**Required work:**
List all the lines in these records that hold "durante".

----

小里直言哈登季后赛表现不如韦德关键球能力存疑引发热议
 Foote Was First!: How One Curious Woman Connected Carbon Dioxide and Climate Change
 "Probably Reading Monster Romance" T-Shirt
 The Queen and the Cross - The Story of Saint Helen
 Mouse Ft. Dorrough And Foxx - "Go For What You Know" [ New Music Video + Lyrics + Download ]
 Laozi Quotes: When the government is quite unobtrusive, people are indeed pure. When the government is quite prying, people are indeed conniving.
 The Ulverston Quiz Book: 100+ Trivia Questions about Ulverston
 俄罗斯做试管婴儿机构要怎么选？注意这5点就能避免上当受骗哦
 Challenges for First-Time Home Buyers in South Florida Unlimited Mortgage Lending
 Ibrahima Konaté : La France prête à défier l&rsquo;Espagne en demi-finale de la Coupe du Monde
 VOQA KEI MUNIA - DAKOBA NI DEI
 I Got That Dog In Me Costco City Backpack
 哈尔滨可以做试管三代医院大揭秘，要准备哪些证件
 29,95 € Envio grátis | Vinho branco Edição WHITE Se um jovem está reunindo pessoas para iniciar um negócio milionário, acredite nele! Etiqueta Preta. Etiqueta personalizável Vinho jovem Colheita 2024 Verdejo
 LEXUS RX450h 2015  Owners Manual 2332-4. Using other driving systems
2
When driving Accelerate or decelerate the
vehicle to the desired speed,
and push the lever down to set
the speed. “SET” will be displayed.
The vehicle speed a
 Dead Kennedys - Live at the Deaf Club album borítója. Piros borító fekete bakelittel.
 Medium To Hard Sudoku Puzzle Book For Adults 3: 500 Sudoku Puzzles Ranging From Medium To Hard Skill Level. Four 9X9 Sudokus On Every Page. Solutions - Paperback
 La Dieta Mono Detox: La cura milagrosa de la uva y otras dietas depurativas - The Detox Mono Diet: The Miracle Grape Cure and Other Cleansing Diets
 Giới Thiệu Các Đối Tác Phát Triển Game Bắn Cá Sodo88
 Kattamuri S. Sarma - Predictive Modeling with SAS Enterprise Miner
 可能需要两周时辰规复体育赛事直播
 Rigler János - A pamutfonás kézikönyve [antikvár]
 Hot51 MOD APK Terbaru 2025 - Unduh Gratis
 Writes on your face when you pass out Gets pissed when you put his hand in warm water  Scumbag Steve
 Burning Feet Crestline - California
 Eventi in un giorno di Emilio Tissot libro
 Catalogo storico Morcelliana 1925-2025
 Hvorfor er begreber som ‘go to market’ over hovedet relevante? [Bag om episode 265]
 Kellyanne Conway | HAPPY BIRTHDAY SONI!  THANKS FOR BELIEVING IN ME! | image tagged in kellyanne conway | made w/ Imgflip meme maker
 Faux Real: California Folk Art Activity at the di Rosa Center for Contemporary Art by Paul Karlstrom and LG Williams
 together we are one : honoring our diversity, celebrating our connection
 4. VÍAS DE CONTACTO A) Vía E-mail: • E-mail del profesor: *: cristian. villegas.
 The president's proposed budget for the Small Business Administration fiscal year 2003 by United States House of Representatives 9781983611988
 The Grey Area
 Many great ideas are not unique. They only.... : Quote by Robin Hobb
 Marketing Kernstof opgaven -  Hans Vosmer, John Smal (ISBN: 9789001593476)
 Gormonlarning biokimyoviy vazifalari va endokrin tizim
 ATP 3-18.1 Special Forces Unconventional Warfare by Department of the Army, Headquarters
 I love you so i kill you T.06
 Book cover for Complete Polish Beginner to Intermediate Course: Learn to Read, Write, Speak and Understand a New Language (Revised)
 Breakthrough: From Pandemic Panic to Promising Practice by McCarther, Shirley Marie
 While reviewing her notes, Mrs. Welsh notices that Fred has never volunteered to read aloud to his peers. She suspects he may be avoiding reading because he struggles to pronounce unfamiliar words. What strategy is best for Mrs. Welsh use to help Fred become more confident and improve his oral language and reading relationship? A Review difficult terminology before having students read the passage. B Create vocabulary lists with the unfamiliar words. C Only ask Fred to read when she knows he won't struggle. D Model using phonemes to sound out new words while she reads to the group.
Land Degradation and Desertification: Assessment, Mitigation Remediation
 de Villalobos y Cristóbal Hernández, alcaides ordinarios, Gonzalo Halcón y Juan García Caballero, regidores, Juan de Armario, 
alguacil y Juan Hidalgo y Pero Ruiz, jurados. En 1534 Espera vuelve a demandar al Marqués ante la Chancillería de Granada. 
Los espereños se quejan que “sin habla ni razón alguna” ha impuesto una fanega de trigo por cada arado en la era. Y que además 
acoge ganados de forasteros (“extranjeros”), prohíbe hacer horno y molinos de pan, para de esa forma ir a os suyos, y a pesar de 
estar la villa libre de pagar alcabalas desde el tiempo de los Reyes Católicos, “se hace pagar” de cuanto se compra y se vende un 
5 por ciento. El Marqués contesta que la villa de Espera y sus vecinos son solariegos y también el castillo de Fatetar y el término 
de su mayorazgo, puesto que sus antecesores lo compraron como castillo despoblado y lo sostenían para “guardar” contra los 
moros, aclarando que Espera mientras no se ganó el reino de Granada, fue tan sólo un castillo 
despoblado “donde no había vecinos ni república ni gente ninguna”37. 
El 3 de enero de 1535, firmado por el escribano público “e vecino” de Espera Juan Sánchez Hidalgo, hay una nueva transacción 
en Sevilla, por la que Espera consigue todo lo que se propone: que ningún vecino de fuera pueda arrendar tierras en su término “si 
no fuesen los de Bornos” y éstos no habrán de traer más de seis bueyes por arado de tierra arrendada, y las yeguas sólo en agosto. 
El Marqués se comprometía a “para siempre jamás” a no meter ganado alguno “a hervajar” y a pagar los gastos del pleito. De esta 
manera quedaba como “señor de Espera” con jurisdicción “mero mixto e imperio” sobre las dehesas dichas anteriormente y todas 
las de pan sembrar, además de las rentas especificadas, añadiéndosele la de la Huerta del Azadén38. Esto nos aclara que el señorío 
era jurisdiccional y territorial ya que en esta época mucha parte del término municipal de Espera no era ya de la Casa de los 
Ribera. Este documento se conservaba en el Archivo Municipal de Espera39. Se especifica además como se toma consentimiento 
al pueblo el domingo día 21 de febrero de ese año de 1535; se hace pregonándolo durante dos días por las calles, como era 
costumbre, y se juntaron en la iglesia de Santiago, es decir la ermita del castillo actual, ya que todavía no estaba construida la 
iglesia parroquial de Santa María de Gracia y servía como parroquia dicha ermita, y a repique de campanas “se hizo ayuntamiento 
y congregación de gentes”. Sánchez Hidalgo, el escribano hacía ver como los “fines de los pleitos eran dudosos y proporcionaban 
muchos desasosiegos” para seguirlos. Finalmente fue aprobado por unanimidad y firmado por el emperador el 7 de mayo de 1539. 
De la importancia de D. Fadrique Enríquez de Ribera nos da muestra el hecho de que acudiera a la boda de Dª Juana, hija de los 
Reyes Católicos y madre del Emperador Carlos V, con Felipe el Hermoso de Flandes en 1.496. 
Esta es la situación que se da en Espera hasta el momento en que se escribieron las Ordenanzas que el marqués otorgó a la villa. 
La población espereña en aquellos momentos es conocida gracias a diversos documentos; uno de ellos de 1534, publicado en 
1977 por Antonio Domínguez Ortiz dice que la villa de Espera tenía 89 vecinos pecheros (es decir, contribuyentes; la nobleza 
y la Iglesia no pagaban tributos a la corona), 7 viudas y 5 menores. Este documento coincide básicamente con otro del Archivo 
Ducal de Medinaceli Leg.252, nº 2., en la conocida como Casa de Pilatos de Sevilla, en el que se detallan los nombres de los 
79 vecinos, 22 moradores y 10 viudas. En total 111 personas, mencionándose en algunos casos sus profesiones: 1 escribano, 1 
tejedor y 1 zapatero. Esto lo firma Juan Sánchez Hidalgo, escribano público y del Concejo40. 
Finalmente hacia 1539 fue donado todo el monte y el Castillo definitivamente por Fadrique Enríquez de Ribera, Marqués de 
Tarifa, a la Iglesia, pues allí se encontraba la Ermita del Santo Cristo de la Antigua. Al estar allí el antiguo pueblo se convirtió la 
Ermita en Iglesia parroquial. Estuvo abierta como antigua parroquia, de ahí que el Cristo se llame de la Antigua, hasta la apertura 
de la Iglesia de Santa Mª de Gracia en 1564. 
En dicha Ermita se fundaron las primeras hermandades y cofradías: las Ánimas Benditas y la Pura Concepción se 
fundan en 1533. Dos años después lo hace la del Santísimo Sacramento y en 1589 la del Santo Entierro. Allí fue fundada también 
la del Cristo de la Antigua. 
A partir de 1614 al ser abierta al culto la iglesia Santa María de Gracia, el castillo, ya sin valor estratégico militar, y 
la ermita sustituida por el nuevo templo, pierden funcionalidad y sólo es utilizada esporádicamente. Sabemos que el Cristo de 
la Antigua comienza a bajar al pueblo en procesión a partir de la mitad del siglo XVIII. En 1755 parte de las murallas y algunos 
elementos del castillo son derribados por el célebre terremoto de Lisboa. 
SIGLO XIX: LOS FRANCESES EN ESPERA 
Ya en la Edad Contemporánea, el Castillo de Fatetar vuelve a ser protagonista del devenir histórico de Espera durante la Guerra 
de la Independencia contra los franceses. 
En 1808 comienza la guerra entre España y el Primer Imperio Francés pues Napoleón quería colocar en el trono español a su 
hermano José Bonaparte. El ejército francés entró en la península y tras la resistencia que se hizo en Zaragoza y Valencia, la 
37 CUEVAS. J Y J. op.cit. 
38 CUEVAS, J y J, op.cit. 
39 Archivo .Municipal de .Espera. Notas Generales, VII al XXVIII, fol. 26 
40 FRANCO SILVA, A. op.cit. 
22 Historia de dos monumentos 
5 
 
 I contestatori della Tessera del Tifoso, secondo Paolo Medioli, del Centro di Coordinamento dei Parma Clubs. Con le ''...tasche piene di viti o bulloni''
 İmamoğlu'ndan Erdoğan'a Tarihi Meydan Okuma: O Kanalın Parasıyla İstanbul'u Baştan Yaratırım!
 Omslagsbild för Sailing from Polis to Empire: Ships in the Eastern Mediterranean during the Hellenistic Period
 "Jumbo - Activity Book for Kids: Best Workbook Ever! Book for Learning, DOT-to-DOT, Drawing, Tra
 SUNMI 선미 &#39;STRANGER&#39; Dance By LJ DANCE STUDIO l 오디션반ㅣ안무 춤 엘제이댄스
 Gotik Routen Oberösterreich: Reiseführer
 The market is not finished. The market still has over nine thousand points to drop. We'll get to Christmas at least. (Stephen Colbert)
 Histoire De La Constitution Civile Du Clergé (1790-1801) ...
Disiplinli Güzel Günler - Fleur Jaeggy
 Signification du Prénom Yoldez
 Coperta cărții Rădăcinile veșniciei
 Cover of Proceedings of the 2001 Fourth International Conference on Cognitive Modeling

----

**Reply to the task:**
al pueblo el domingo día 21 de febrero de ese año de 1535; se hace pregonándolo durante dos días por las calles, como era 
Ya en la Edad Contemporánea, el Castillo de Fatetar vuelve a ser protagonista del devenir histórico de Espera durante la Guerra 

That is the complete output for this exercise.